Sigh @ this review. Don't worry, I'll be constructive in my criticism.
T'would appear to me that you just suck at Crysis. Or didn't put enough effort in trying to really dominate the game. The suit is critical; to say it could be left out with little effect on gameplay is clear evidence that you haven't grasped its versatility. If you're getting raped on the highest difficulty anytime you're out of cloak and having to rely on "sniping" everyone with your silenced machine gun then you're just doing it (very) wrong.
Once you become comfortable with controlling the suit while taking action you can do all the "cool stuff" you want at any difficulty level. You'll find if you press the action when you encounter large groups of NK you will succeed much better than if you hide behind bushes far away. You do realize that a silenced weapon does considerably less damage, especially the further away you are? It's much to your benefit to have your weapons un-silenced. And by press the action I mean you have to use all your tools to your advantage. Having the ability to smoothly and swiftly shift between all your suit mods as you need them, making it a seamless transition during combat is paramount to your success if you want to actually experience a challenge.
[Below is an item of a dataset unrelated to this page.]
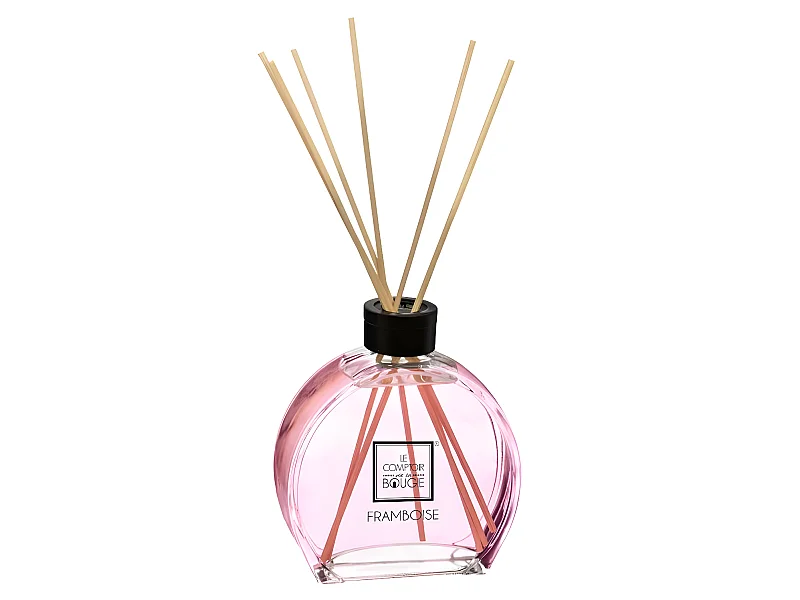 Diffuseur de parfum Framboise 50 ml avec 6 Bâtonnets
Crysis is like a realtime, action strategy game. Unfortunately you're not thinking about all the options available to you. Aside from objectives it is entirely non-linear. You go as fast or take as much time as you want and you can go anywhere you can jump or swim to. Assault any encounter from any angle using your fists, weapons, the environment; whatever you want. Most of which is destructible. Vehicles are also quite diverse. Speed them right into a KPA compound area, run over a few guys, hop out before it is too banged up and use the thing for cover. Or drive the sh*t right into one of those little machine gun nests, or into one of those sniper towers. They will crush or fall down killing the guy inside, rendering the machine gun useless.
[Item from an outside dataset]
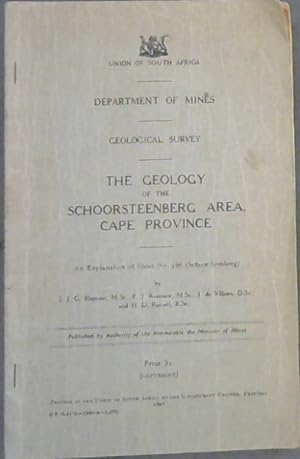 Bild des Verkufers fr The Geology of the Schoorsteenberg Area, Cape Province - An Explanation of Sheet No. 166 (Schoorsteenberg) zum Verkauf von Chapter 1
You need to use your tools in an integrated manner like making sure to tag with your binoculars every target you can in an area and recognize the capability of your suit. You'll also discover that if you press the offense and not run scared on the defense that your enemy will react much more realistically and lethally (read: challenging). When you go get in some good CQB you'll appreciate the ability of the AI a lot more. Can't stress pressing the action enough, pressure them to run for cover.
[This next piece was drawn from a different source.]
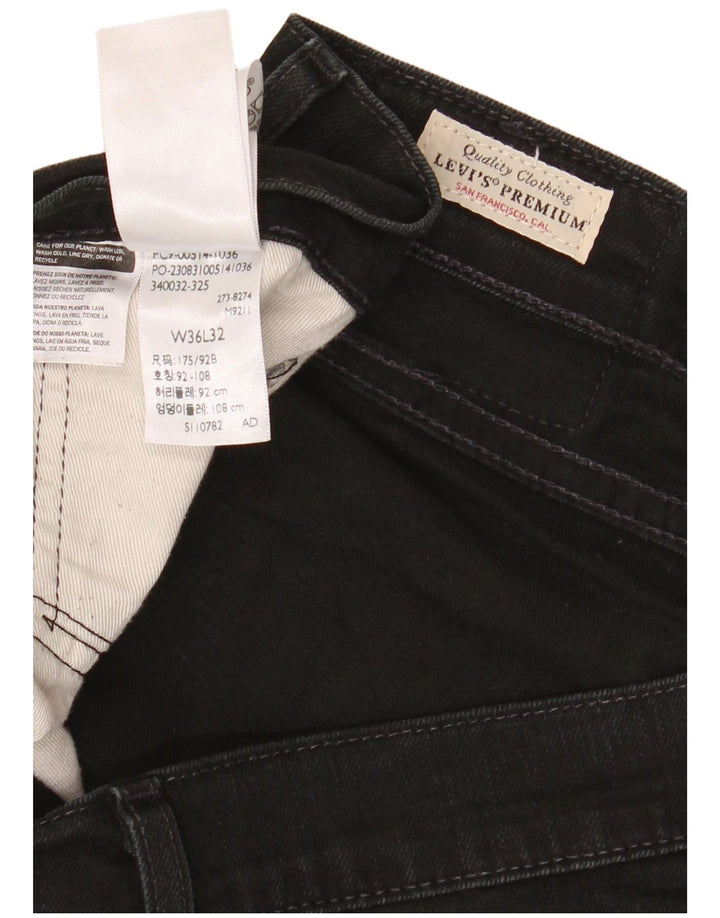 LEVI'S Vaqueros rectos para hombre W36 L32 Algodón negro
Next time you're runnin' along with your cloak off and are spotted, before you become surrounded, drop prone and cloak. Tag one or two of them with your binoculars for your bearings and then sprint off to cover (tree, grass) and uncloak. When your energy is charged cloak around until you can get a shot at one of them, don't think, just go to strength mode (you'll hold the gun more steady, less kick and the shots are more powerful) and open fire on him and don't let go of the trigger till he's dead.
Then recloak (you fired while in strength so energy is still high) and run to a different position. Rinse, repeat. You can run circles around them.
Don't forget your grenades (3 types in the game) and your tranquilizer dart (Tactical Attachment that knocks a guy out for 60 seconds) and your grenade launcher attachment. Plenty of great opportunity to use all the tools at your disposal. Got a helicopter on your tail? Don't scramble for a rocket launcher if you ain't got one, bust out that machine gun, go to strength mode, shoot at the missiles hanging underneath its small side wings. They will explode damaging the engine.
I mean hell, you can even run up and grab a guy (if you sprint up in speed mode you will cause your enemy to flinch for a few seconds) by the neck and hold him out in front of you as a human shield. His buddies while shooting at you will blow his ass away, meanwhile you can still shoot whatever gun you have out in your right hand.
Final note. Yes, the storyline is whack and the last quarter of the game sucks, it becomes linear and you fight in a stupid, confusing alien place and then on an aircraft carrier, much lulz ensue. However, characters and the storyline and crap should take a backseat when reviewing a first-person shooter; it's about the gameplay. Which you'll find, if you give Crysis a real try and become better at it, it's gameplay is truly unique.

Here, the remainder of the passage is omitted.